▶ _Records_
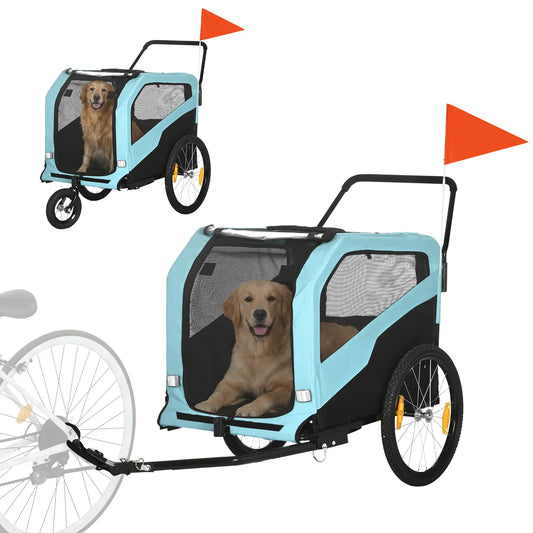 2-in-1 Dog Bike Trailer, Pet Stroller, Large, Quick-Release Wheels, Blue Dog Bike Trailers & Strollers Light Blue at Gallery Canada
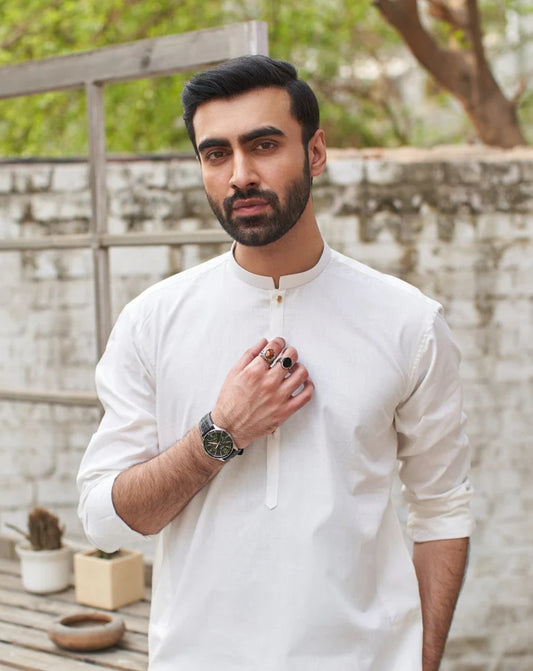 Off White Cotton Kurta Trouser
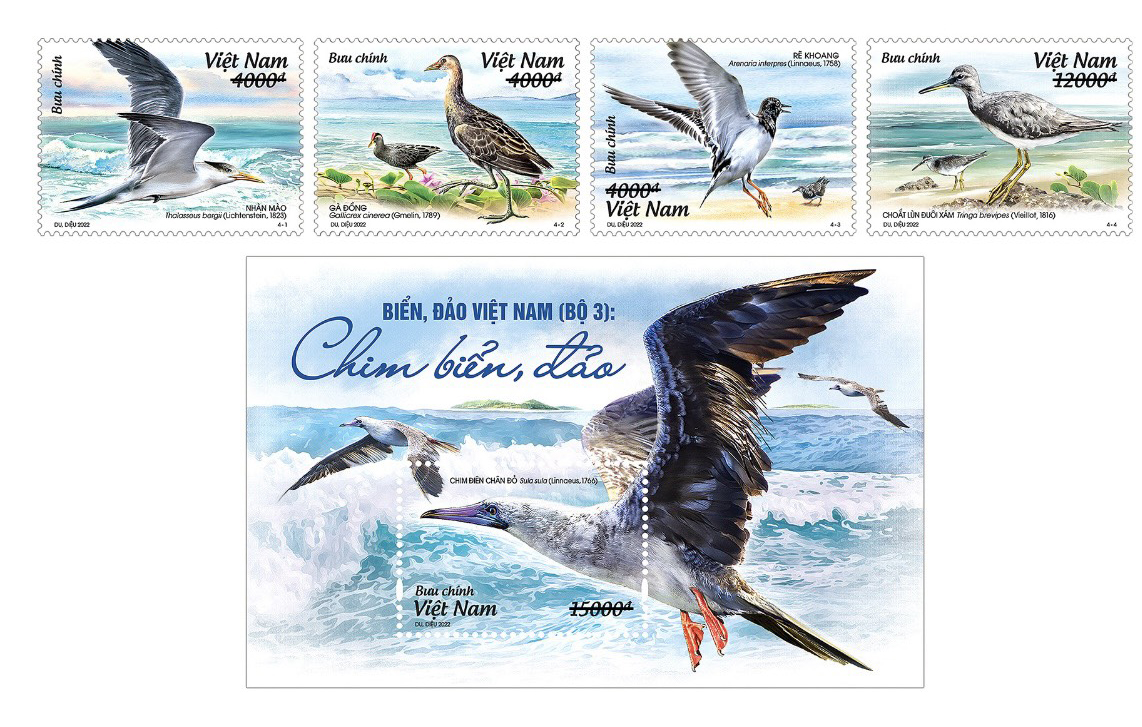 Bộ tem "Biển, đảo Việt Nam (bộ 3): Chim biển, đảo"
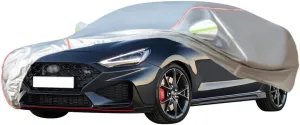 WOLWES Car Cover are Suitable for Hyundai i30 Fastback All-Weather Windproof, Snowproof, Rainproof, UV-Protected and Breathable All-Season Universal with Side Door Zip Oxford Cloth Car Cover (Color :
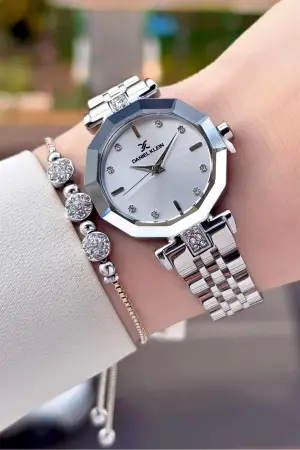 Gümüş Renk Kadın Kol Saati ve Bileklik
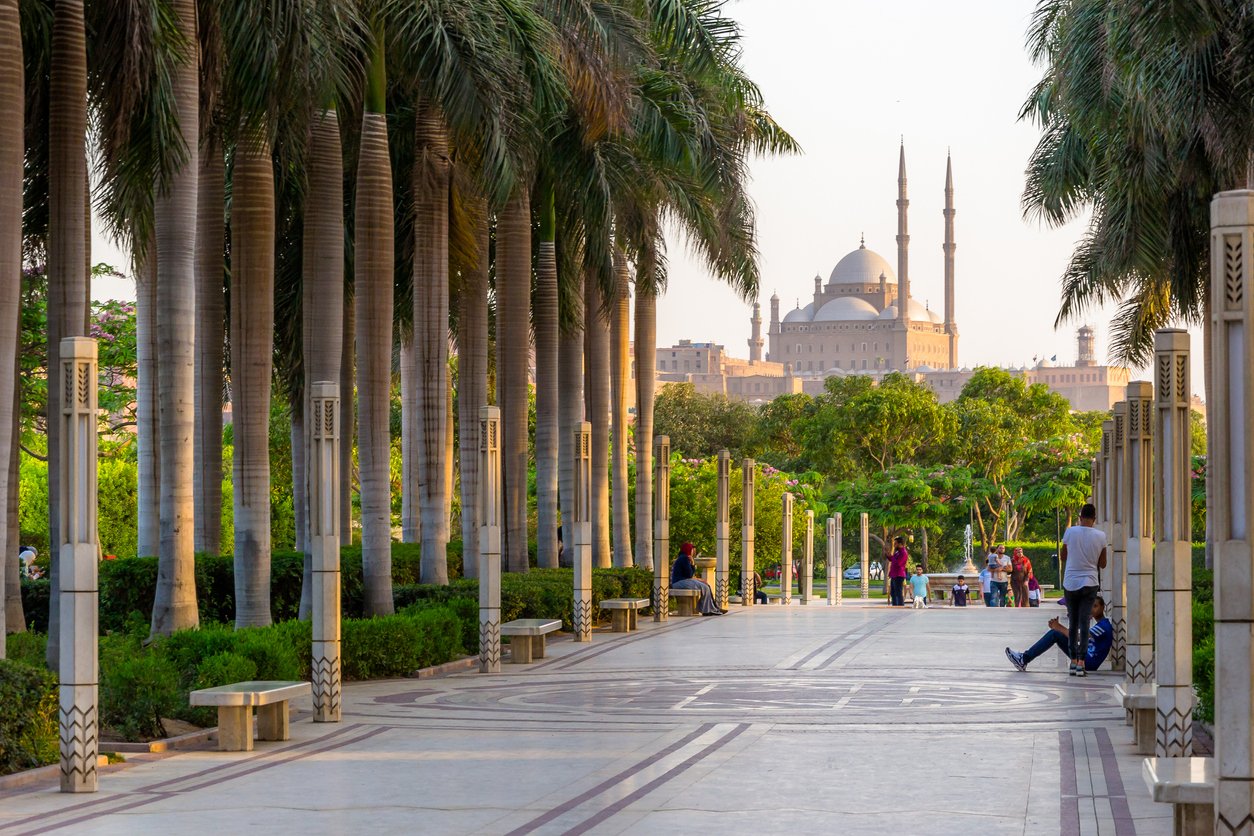 View of the Al Azhar Park gardens in Cairo, Egypt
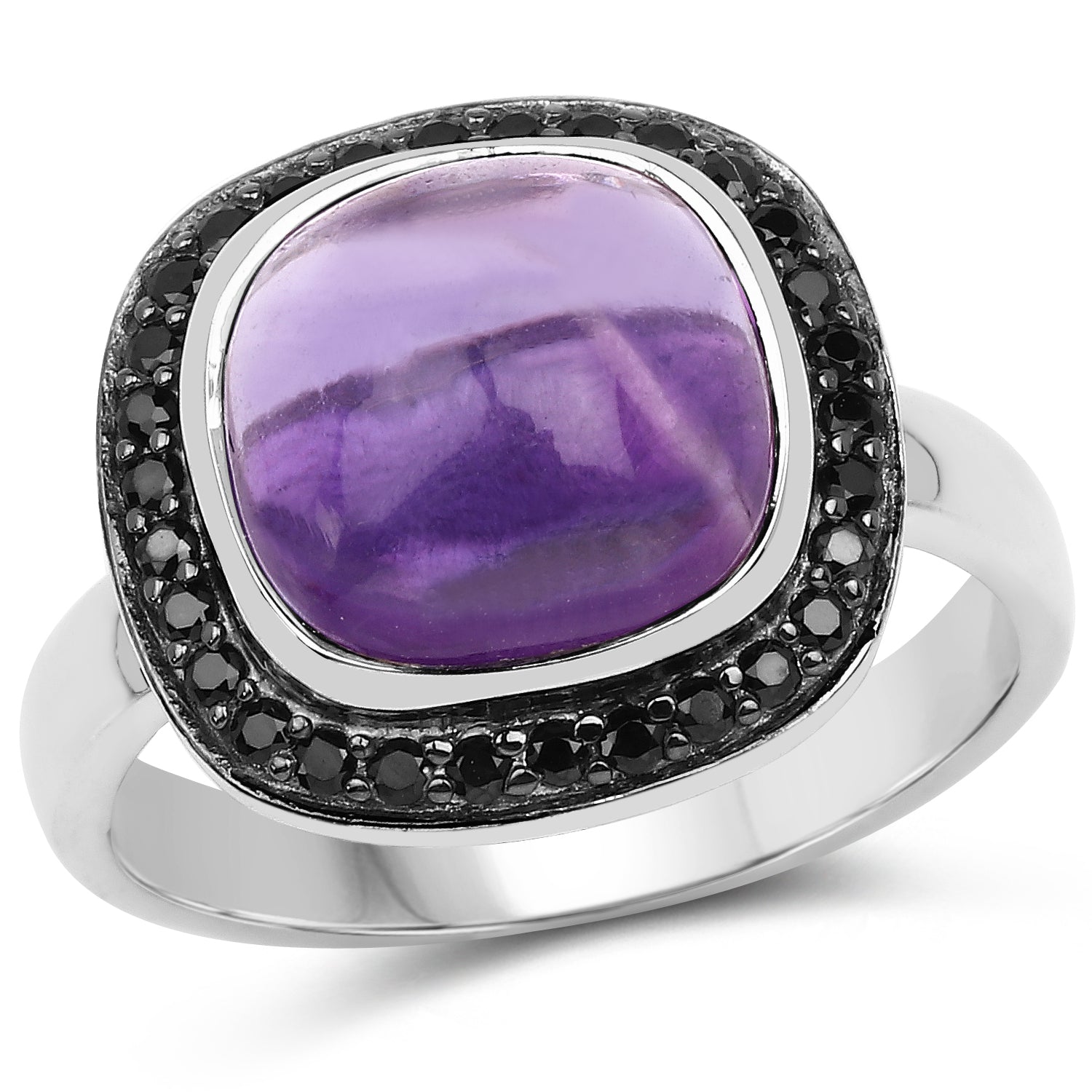 5.25 Carat Genuine Amethyst & Black Spinel .925 Sterling Silver Ring Bids.com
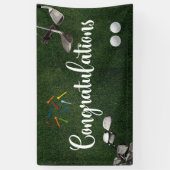 Gefeliciteerd met golfbal op green spandoek (Verticaal)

▶ _The problem_
Every entry above should be returned exactly, with no images included.

▶ _Answer section_
 2-in-1 Dog Bike Trailer, Pet Stroller, Large, Quick-Release Wheels, Blue Dog Bike Trailers & Strollers Light Blue at Gallery Canada
 Off White Cotton Kurta Trouser
 Bộ tem "Biển, đảo Việt Nam (bộ 3): Chim biển, đảo"
 WOLWES Car Cover are Suitable for Hyundai i30 Fastback All-Weather Windproof, Snowproof, Rainproof, UV-Protected and Breathable All-Season Universal with Side Door Zip Oxford Cloth Car Cover (Color :
 Gümüş Renk Kadın Kol Saati ve Bileklik
 View of the Al Azhar Park gardens in Cairo, Egypt
 5.25 Carat Genuine Amethyst & Black Spinel .925 Sterling Silver Ring Bids.com
 Gefeliciteerd met golfbal op green spandoek (Verticaal)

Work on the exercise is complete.